May 30, 2008 — -- In what seems to be the twilight of her campaign, a number of Sen. Hillary Clinton's supporters are saying that sexism helped torpedo her bid for president.
It's a sentiment that has been voiced by the Democratic candidate and her husband.
"Nobody told Ted Kennedy he should drop out in 1980. Nobody told Jesse Jackson he should drop out in 1988," former President Bill Clinton said in a May 25 speech. "Nobody told the people who ran against me in 1992 that they had to drop out. This is really interesting. Why are they doing this?"
And in a May 18 interview with WashingtonPost.com, Hillary Clinton herself said "so much of what has occurred that has been very sexist."
Women, especially, are debating the impact of sexism on Clinton's campaign.
Organizations like the National Organization for Women and many female writers and bloggers say Clinton's campaign has brought latent gender bias out of the closet.
They point to a number of examples: Detractors can buy a Hillary Nutcracker with stainless-steel thighs online, or join the Facebook group called Hillary Clinton: Stop Running for President and Make Me a Sandwich.
When two men shouted "Iron my shirts!" at a Clinton campaign rally in New Hampshire, she shrugged it off, saying, "Ah, the remnants of sexism, alive and well."
On the other side, Wall Street Journal columnist Peggy Noonan calls the sexism charge "sissy, blame-gaming."
The Women's Media Center, which doesn't endorse a specific candidate, has put together a "greatest hits" video called Sexism Sells.

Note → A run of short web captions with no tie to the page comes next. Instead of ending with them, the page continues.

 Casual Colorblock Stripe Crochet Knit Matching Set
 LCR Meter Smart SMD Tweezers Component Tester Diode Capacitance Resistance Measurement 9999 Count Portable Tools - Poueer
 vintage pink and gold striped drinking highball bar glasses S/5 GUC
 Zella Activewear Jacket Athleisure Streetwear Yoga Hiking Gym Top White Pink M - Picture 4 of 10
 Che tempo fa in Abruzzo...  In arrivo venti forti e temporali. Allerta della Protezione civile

Press reports have frequently focused on Clinton's appearance, from her figure to her hair to her wide array of pantsuits. Many people have pointed out that male candidates don't face the same kind of scrutiny when it comes to their looks.

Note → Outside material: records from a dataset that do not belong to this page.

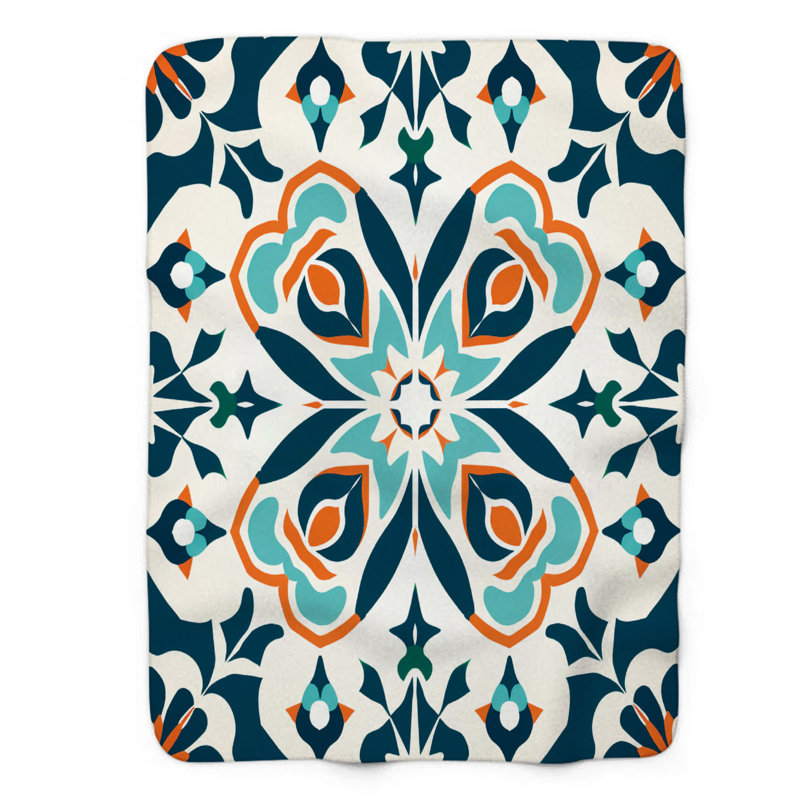 Moroccan Tile Art - couverture de qualité supérieure 1 pièce, Lit simple
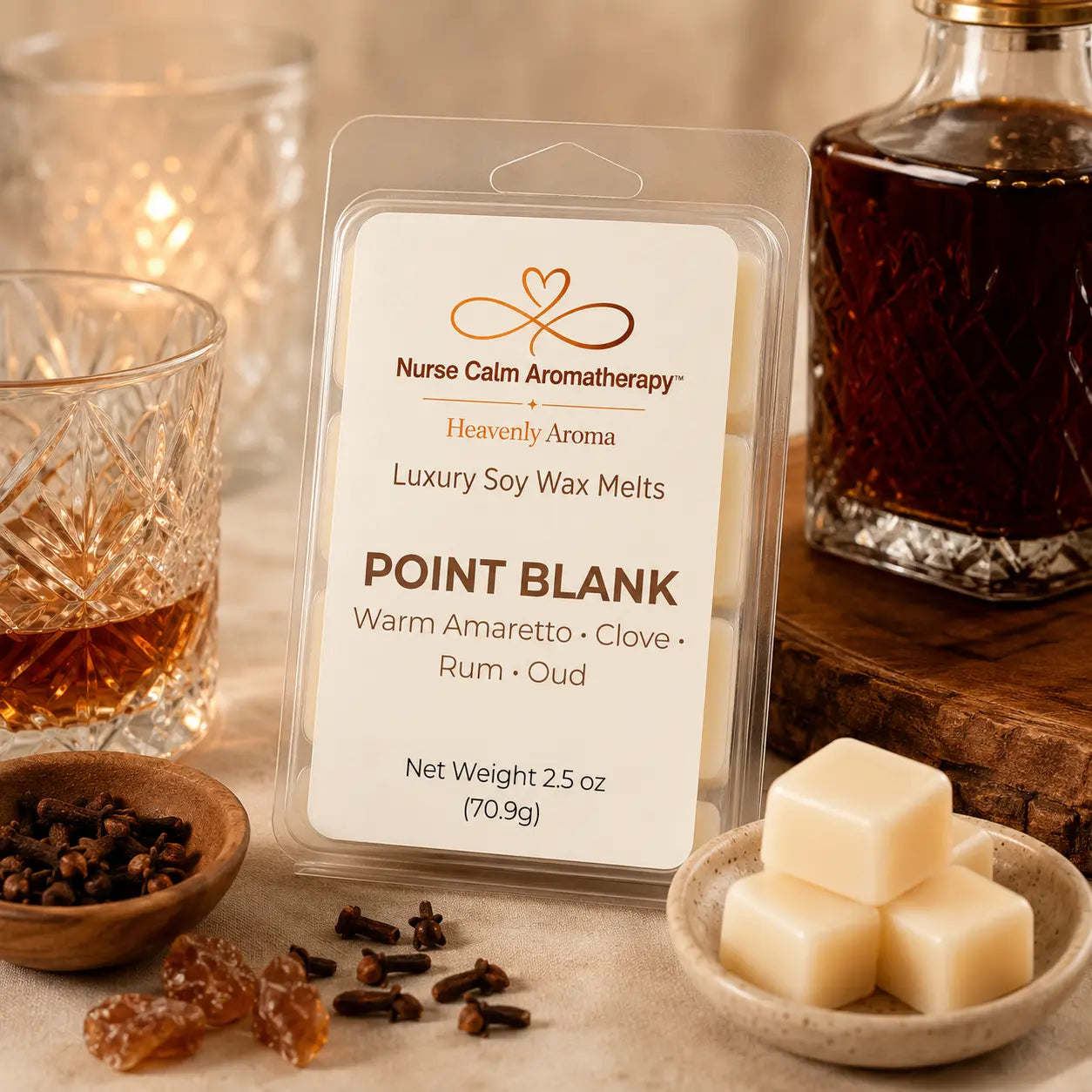 Point Blank Luxury Soy Wax Melts by Nurse Calm Aromatherapy featuring warm amaretto, clove, rum, and oud fragrance notes in premium clamshell packaging.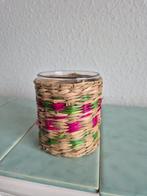 Rieten waxinelichthouder., Ophalen of Verzenden, Gebruikt, Overige materialen, Minder dan 25 cm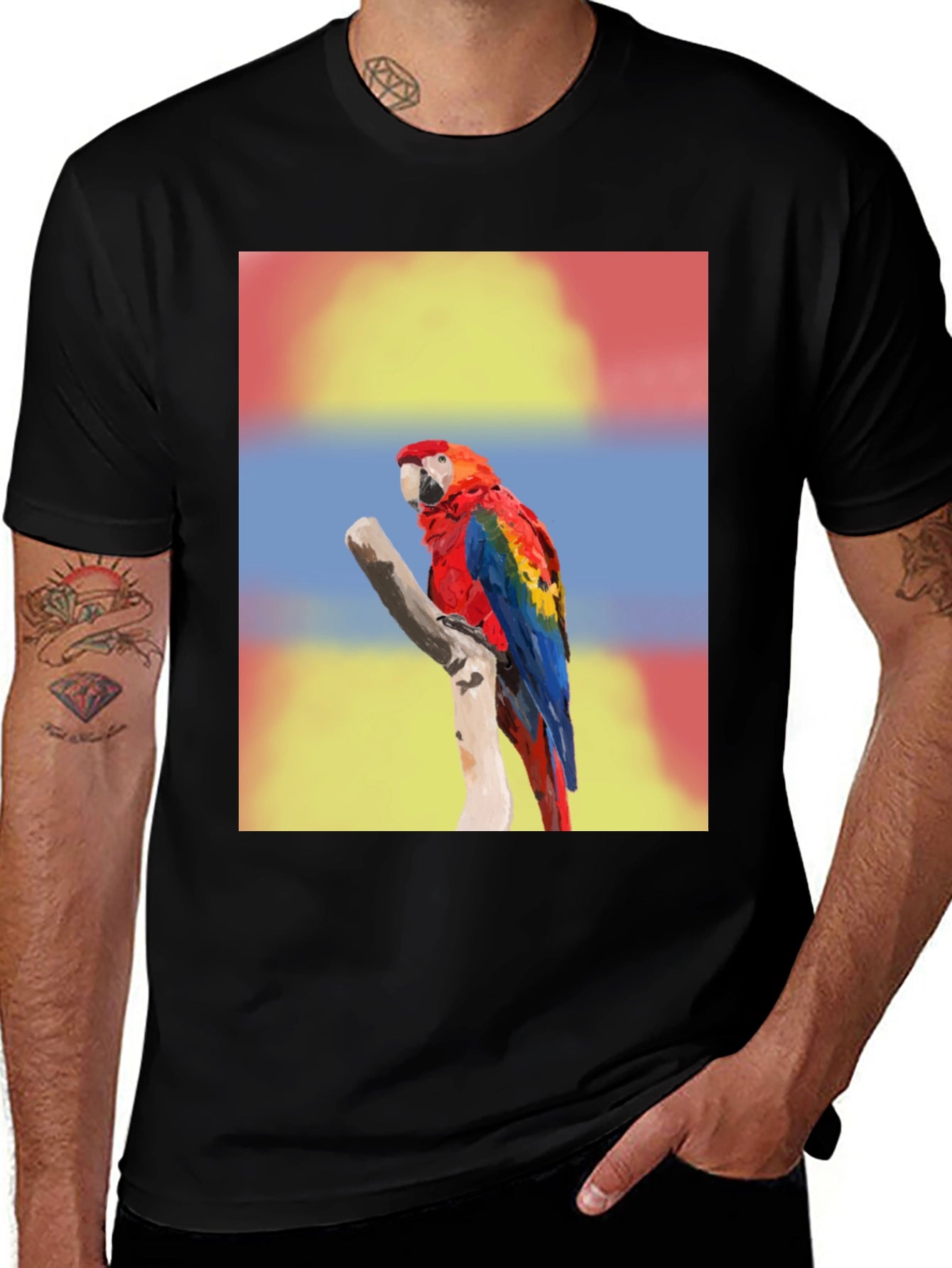 Macaw Parrot Graphic Tee - Mens Black T-Shirt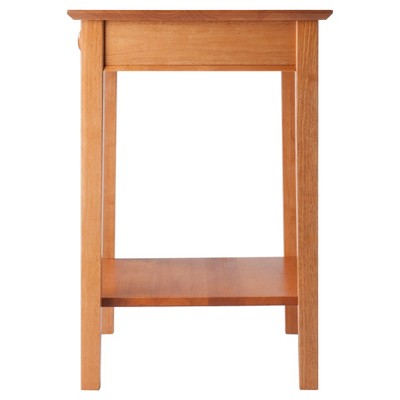 Honey Pine Wood Studio Printer & End Table with Storage Shelf
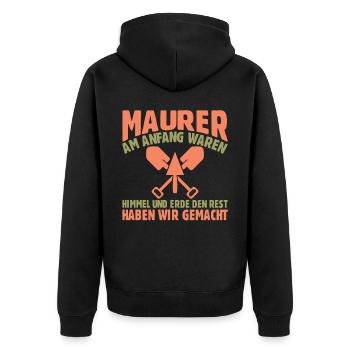 Maurer Lustige Sprüche - Unisex Premium Bio Zip Hoodie - Schwarz - Hinten - Nico (187cm)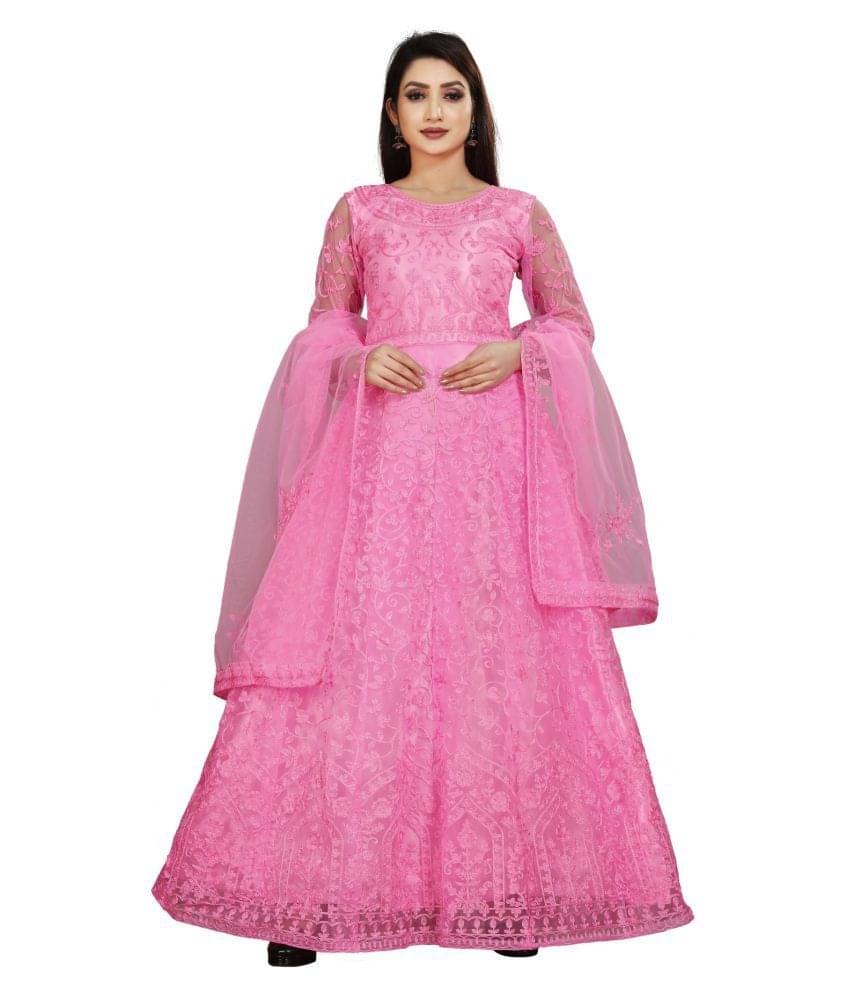     			Aika Pink Net Ethnic Gown - Single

After Clinton appeared on his show "Hardball With Chris Matthews," Matthews said, "She was calm, she was charming, just to be cosmetic, her hair looked great."

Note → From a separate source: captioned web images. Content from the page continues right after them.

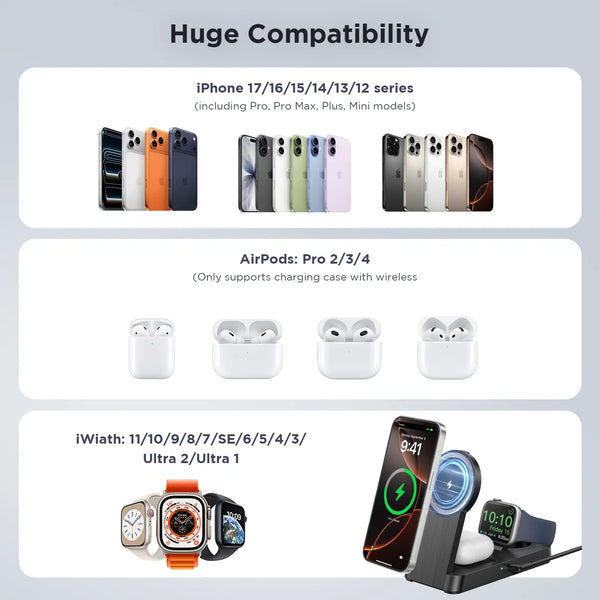 Sakerplus® Magnetic Foldable 3-In-1 Wireless Charging Station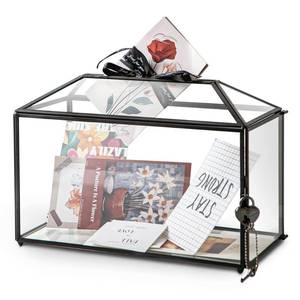 lot 5651 image: Sanllusit 12.6 x 6 x 9 Wedding Glass Card Box with Slot and Lock for Wishing Well, Keepsake, Envelope - Birthday Party Reception Decor, Black (Glass Box Only) Slot Length 7.3 Inches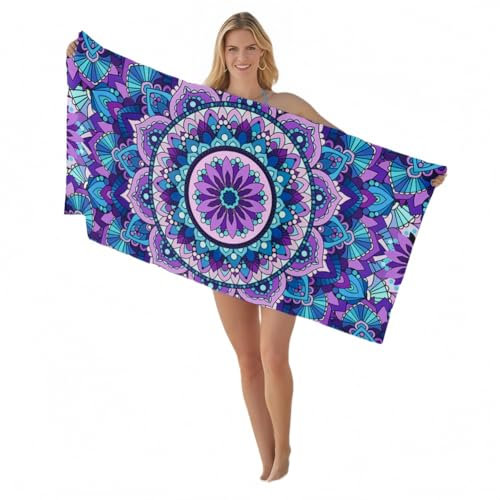 CAIRF Microfaser Handtücher Mandala Strandtuch，Sommer Strandtücher ，Schnelltrocknendes Strandlaken，Bunt Badetuch,Reisehandtuch，Schwimmhandtücher，Hawaii Strandtuch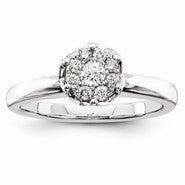 14k White Gold Diamond Engagement Ring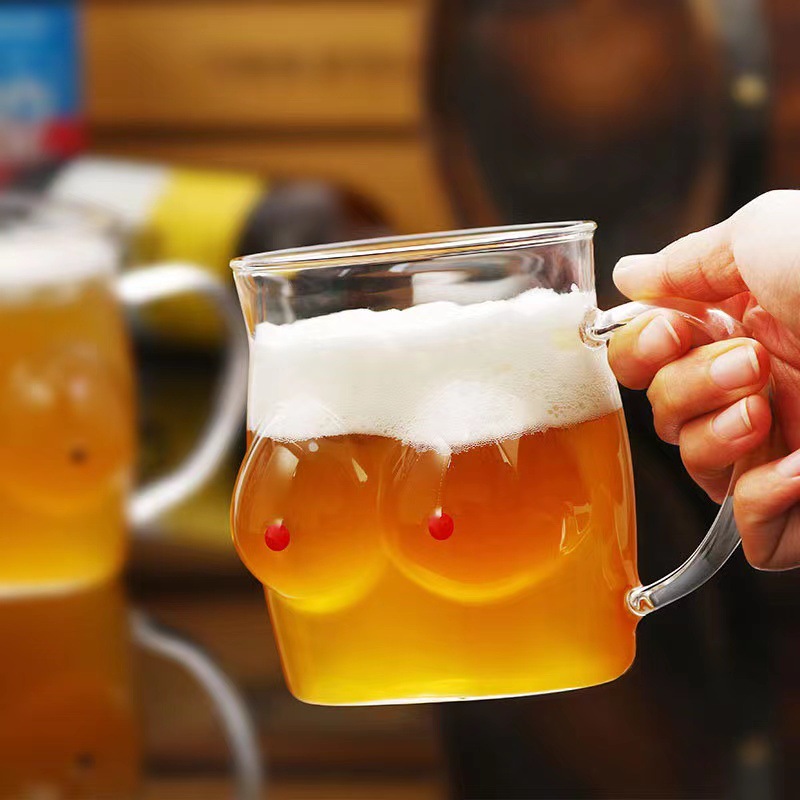 High borosilicate glass cups, single-layer high-temperature resistant glass water cups, transparent coffee cups with handles, single-layer large cup covers details Picture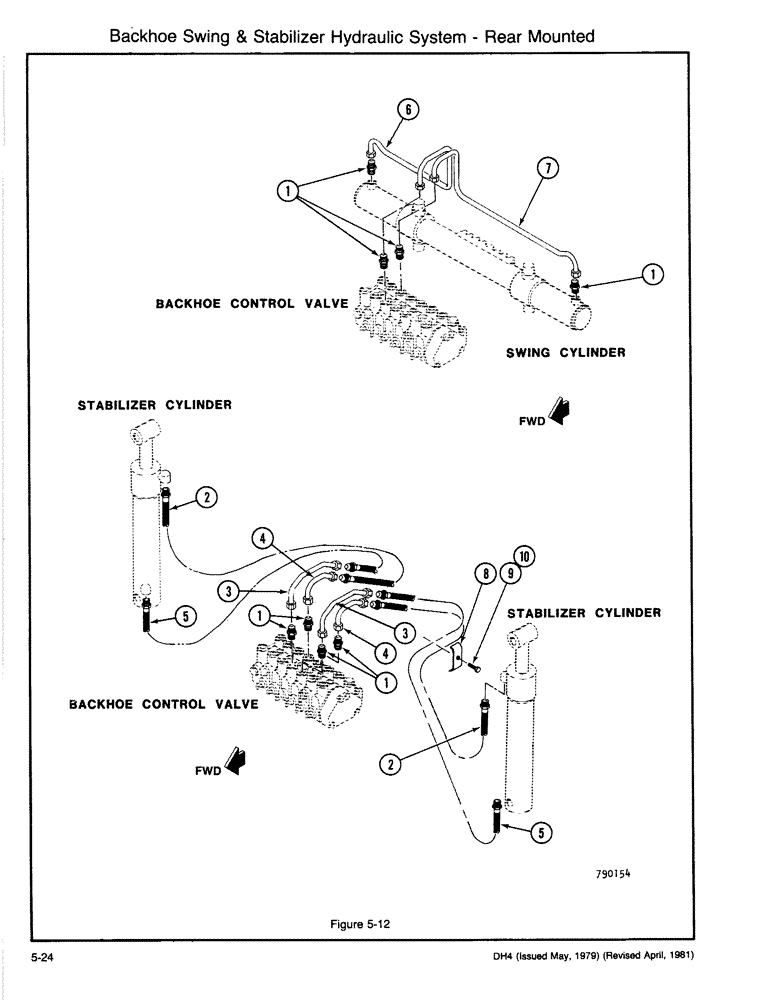 Схема запчастей Case DH4 - (5-24) - BACKHOE SWING & STABILIZER HYDRAULIC SYSTEM - REAR MOUNTED (35) - HYDRAULIC SYSTEMS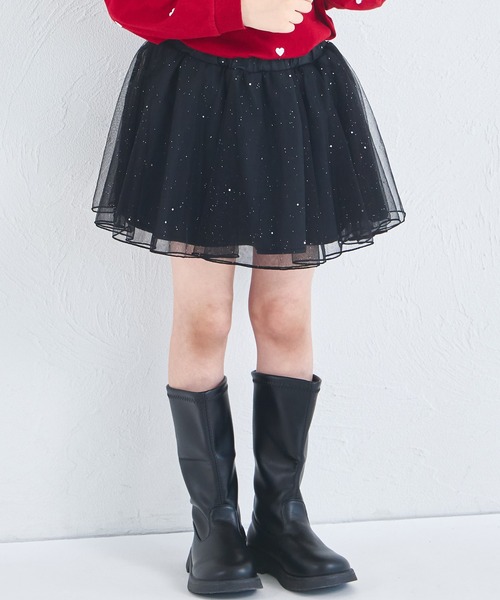 pairmanon（ペアマノン）の「きらきら ラメ チュール スカッツ（スカート・キッズ・ブラック/ライトブルー/ライトピンク/ラベンダー・130/120/90/110/100/140）」の9枚目の写真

When a particularly unflattering photo of Clinton appeared online and in a number of newspapers, conservative pundit Rush Limbaugh asked on his radio show, "Will Americans want to watch a woman get older before their eyes on a daily basis?"
Clinton is frequently portrayed as shrill, hard and strident instead of strong and aggressive, say supporters.
Conservative commentator Tucker Carlson took this jab at her: "When she comes on television, I involuntarily cross my legs."
ABC News asked Matthews and Carlson to comment, but they didn't respond. Only TV and radio host Glenn Beck would discuss his previous comments about Clinton.
On one of his radio shows, Beck said, "Excuse the expression, but this is the lady who is a stereotypical bitch, you know what I mean? She's a stereotypical, nagging … Know what I mean?"
Beck told ABC News that he meant the word more in reference to the stereotype than to Clinton herself.
"I hope I wouldn't call her that. Hope I've never called her that," he said, adding that he was "saying sounds like the stereotypical … Probably a better word would be 'nag.'"
"We were watching one of her interviews, or whatever she was doing, a speech. And she had that tone of voice. She just sounds like … I can't, because it sounds like my wife saying, 'Take out the garbage,'" said Beck.
Although she's a supporter of Sen. Barack Obama, feminist writer Naomi Wolf thinks Hillary is feeling unfair pressure.
"I never see a white man, you know, being bracketed as, 'How dare he dream, how dare he have this dream, how dare he take himself seriously, even if he is a way out there long shot,'" Wolf said.
Wolf also says, however, that Clinton accusing the media of sexism is self-defeating.
"When you are saying, 'I want to be the president of the United States of America,' what you have to also be telling the American people is 'I can handle anything,' and you can't expect fairness," Wolf said.